- _Goal of the exercise_:
Copy out the records again. Change nothing.

Segment Start: Information provided

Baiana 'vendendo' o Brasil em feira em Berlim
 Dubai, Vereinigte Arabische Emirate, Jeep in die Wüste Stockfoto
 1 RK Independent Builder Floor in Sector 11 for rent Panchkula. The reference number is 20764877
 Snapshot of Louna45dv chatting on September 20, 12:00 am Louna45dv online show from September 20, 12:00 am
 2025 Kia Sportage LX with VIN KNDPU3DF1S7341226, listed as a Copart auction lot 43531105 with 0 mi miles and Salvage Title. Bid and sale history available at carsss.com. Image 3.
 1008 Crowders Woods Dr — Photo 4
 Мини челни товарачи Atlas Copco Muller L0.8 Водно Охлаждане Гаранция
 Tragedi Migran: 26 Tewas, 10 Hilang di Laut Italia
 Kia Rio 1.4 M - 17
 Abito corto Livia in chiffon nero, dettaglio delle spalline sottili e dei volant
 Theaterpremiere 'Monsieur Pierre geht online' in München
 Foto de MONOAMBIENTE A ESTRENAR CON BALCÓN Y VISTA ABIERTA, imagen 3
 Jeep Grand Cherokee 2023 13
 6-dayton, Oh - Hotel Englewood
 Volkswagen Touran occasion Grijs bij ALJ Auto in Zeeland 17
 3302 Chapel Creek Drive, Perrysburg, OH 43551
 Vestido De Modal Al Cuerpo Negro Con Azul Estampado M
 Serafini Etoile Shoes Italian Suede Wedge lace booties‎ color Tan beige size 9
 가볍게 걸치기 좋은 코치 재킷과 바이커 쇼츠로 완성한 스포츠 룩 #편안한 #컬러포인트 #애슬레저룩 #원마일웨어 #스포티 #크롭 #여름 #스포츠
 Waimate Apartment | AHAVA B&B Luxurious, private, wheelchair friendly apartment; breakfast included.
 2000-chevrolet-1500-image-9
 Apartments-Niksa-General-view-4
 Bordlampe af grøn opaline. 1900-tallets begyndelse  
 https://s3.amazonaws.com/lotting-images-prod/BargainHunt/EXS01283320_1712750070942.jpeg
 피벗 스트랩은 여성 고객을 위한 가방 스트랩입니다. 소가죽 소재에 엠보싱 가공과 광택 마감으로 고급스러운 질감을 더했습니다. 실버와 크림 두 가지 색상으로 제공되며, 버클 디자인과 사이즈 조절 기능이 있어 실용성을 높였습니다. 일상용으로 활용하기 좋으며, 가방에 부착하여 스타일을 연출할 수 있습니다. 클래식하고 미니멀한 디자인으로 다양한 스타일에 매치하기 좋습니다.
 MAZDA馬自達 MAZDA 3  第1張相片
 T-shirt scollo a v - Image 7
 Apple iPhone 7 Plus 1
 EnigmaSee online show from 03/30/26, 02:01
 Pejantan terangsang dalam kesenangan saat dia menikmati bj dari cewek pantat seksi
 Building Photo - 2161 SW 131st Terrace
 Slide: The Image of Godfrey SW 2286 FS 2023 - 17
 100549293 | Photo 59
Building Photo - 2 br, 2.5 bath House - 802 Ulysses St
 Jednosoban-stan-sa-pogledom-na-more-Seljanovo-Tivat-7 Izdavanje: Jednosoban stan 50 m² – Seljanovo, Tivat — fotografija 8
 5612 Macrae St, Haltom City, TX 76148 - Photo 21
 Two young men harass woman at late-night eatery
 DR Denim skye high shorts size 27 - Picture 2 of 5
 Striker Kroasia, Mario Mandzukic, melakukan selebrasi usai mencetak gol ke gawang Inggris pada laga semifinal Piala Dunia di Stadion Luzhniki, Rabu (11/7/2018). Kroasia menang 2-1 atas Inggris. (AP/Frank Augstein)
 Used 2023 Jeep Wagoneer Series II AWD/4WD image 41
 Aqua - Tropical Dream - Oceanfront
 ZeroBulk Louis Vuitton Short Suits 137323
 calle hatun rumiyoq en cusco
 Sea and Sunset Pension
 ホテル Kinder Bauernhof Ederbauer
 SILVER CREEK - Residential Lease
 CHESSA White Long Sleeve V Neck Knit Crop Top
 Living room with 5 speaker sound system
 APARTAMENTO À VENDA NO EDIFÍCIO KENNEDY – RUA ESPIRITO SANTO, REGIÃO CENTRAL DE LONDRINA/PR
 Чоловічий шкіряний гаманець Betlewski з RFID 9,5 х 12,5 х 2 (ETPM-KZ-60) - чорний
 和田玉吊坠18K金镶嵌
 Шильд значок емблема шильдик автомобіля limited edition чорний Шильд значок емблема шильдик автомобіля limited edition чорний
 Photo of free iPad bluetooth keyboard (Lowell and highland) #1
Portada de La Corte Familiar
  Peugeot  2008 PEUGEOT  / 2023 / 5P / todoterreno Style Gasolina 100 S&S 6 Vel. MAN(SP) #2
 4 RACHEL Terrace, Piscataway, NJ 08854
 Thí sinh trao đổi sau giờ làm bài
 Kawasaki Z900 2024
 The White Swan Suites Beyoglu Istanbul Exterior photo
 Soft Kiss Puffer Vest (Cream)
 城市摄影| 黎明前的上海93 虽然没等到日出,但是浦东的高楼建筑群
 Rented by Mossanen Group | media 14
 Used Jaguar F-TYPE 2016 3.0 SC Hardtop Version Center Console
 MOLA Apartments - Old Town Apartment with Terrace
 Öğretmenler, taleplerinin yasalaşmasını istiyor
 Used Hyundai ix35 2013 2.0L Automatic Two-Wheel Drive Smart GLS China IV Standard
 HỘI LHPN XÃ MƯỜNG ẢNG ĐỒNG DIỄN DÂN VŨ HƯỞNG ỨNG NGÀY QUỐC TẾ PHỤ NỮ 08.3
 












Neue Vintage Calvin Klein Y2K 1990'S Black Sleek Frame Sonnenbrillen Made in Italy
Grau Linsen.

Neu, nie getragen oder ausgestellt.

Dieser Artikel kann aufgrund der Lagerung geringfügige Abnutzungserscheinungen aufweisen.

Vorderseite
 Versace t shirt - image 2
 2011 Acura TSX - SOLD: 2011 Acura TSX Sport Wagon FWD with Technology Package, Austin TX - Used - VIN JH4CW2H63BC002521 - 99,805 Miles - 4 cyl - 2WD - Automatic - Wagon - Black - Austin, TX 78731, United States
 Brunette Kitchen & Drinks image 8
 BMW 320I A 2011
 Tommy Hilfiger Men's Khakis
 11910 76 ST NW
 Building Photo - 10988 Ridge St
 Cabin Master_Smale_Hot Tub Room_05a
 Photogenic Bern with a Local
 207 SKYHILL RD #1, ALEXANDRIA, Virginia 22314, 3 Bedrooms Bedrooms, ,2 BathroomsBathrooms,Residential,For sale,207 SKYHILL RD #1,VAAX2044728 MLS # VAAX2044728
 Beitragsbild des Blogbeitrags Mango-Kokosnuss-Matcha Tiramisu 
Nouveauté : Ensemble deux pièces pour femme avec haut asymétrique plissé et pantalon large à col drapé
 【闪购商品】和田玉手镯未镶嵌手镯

Segment End: Information provided

- _Answer section_:
Baiana 'vendendo' o Brasil em feira em Berlim
 Dubai, Vereinigte Arabische Emirate, Jeep in die Wüste Stockfoto
 1 RK Independent Builder Floor in Sector 11 for rent Panchkula. The reference number is 20764877
 Snapshot of Louna45dv chatting on September 20, 12:00 am Louna45dv online show from September 20, 12:00 am
 2025 Kia Sportage LX with VIN KNDPU3DF1S7341226, listed as a Copart auction lot 43531105 with 0 mi miles and Salvage Title. Bid and sale history available at carsss.com. Image 3.
 1008 Crowders Woods Dr — Photo 4
 Мини челни товарачи Atlas Copco Muller L0.8 Водно Охлаждане Гаранция
 Tragedi Migran: 26 Tewas, 10 Hilang di Laut Italia
 Kia Rio 1.4 M - 17
 Abito corto Livia in chiffon nero, dettaglio delle spalline sottili e dei volant
 Theaterpremiere 'Monsieur Pierre geht online' in München
 Foto de MONOAMBIENTE A ESTRENAR CON BALCÓN Y VISTA ABIERTA, imagen 3
 Jeep Grand Cherokee 2023 13
 6-dayton, Oh - Hotel Englewood
 Volkswagen Touran occasion Grijs bij ALJ Auto in Zeeland 17
 3302 Chapel Creek Drive, Perrysburg, OH 43551
 Vestido De Modal Al Cuerpo Negro Con Azul Estampado M
 Serafini Etoile Shoes Italian Suede Wedge lace booties‎ color Tan beige size 9
 가볍게 걸치기 좋은 코치 재킷과 바이커 쇼츠로 완성한 스포츠 룩 #편안한 #컬러포인트 #애슬레저룩 #원마일웨어 #스포티 #크롭 #여름 #스포츠
 Waimate Apartment | AHAVA B&B Luxurious, private, wheelchair friendly apartment; breakfast included.
 2000-chevrolet-1500-image-9
 Apartments-Niksa-General-view-4
 Bordlampe af grøn opaline. 1900-tallets begyndelse  
 https://s3.amazonaws.com/lotting-images-prod/BargainHunt/EXS01283320_1712750070942.jpeg
 피벗 스트랩은 여성 고객을 위한 가방 스트랩입니다. 소가죽 소재에 엠보싱 가공과 광택 마감으로 고급스러운 질감을 더했습니다. 실버와 크림 두 가지 색상으로 제공되며, 버클 디자인과 사이즈 조절 기능이 있어 실용성을 높였습니다. 일상용으로 활용하기 좋으며, 가방에 부착하여 스타일을 연출할 수 있습니다. 클래식하고 미니멀한 디자인으로 다양한 스타일에 매치하기 좋습니다.
 MAZDA馬自達 MAZDA 3  第1張相片
 T-shirt scollo a v - Image 7
 Apple iPhone 7 Plus 1
 EnigmaSee online show from 03/30/26, 02:01
 Pejantan terangsang dalam kesenangan saat dia menikmati bj dari cewek pantat seksi
 Building Photo - 2161 SW 131st Terrace
 Slide: The Image of Godfrey SW 2286 FS 2023 - 17
 100549293 | Photo 59
Building Photo - 2 br, 2.5 bath House - 802 Ulysses St
 Jednosoban-stan-sa-pogledom-na-more-Seljanovo-Tivat-7 Izdavanje: Jednosoban stan 50 m² – Seljanovo, Tivat — fotografija 8
 5612 Macrae St, Haltom City, TX 76148 - Photo 21
 Two young men harass woman at late-night eatery
 DR Denim skye high shorts size 27 - Picture 2 of 5
 Striker Kroasia, Mario Mandzukic, melakukan selebrasi usai mencetak gol ke gawang Inggris pada laga semifinal Piala Dunia di Stadion Luzhniki, Rabu (11/7/2018). Kroasia menang 2-1 atas Inggris. (AP/Frank Augstein)
 Used 2023 Jeep Wagoneer Series II AWD/4WD image 41
 Aqua - Tropical Dream - Oceanfront
 ZeroBulk Louis Vuitton Short Suits 137323
 calle hatun rumiyoq en cusco
 Sea and Sunset Pension
 ホテル Kinder Bauernhof Ederbauer
 SILVER CREEK - Residential Lease
 CHESSA White Long Sleeve V Neck Knit Crop Top
 Living room with 5 speaker sound system
 APARTAMENTO À VENDA NO EDIFÍCIO KENNEDY – RUA ESPIRITO SANTO, REGIÃO CENTRAL DE LONDRINA/PR
 Чоловічий шкіряний гаманець Betlewski з RFID 9,5 х 12,5 х 2 (ETPM-KZ-60) - чорний
 和田玉吊坠18K金镶嵌
 Шильд значок емблема шильдик автомобіля limited edition чорний Шильд значок емблема шильдик автомобіля limited edition чорний
 Photo of free iPad bluetooth keyboard (Lowell and highland) #1
Portada de La Corte Familiar
  Peugeot  2008 PEUGEOT  / 2023 / 5P / todoterreno Style Gasolina 100 S&S 6 Vel. MAN(SP) #2
 4 RACHEL Terrace, Piscataway, NJ 08854
 Thí sinh trao đổi sau giờ làm bài
 Kawasaki Z900 2024
 The White Swan Suites Beyoglu Istanbul Exterior photo
 Soft Kiss Puffer Vest (Cream)
 城市摄影| 黎明前的上海93 虽然没等到日出,但是浦东的高楼建筑群
 Rented by Mossanen Group | media 14
 Used Jaguar F-TYPE 2016 3.0 SC Hardtop Version Center Console
 MOLA Apartments - Old Town Apartment with Terrace
 Öğretmenler, taleplerinin yasalaşmasını istiyor
 Used Hyundai ix35 2013 2.0L Automatic Two-Wheel Drive Smart GLS China IV Standard
 HỘI LHPN XÃ MƯỜNG ẢNG ĐỒNG DIỄN DÂN VŨ HƯỞNG ỨNG NGÀY QUỐC TẾ PHỤ NỮ 08.3
 












Neue Vintage Calvin Klein Y2K 1990'S Black Sleek Frame Sonnenbrillen Made in Italy
Grau Linsen.

Neu, nie getragen oder ausgestellt.

Dieser Artikel kann aufgrund der Lagerung geringfügige Abnutzungserscheinungen aufweisen.

Vorderseite
 Versace t shirt - image 2
 2011 Acura TSX - SOLD: 2011 Acura TSX Sport Wagon FWD with Technology Package, Austin TX - Used - VIN JH4CW2H63BC002521 - 99,805 Miles - 4 cyl - 2WD - Automatic - Wagon - Black - Austin, TX 78731, United States
 Brunette Kitchen & Drinks image 8
 BMW 320I A 2011
 Tommy Hilfiger Men's Khakis
 11910 76 ST NW
 Building Photo - 10988 Ridge St
 Cabin Master_Smale_Hot Tub Room_05a
 Photogenic Bern with a Local
 207 SKYHILL RD #1, ALEXANDRIA, Virginia 22314, 3 Bedrooms Bedrooms, ,2 BathroomsBathrooms,Residential,For sale,207 SKYHILL RD #1,VAAX2044728 MLS # VAAX2044728
 Beitragsbild des Blogbeitrags Mango-Kokosnuss-Matcha Tiramisu 
Nouveauté : Ensemble deux pièces pour femme avec haut asymétrique plissé et pantalon large à col drapé
 【闪购商品】和田玉手镯未镶嵌手镯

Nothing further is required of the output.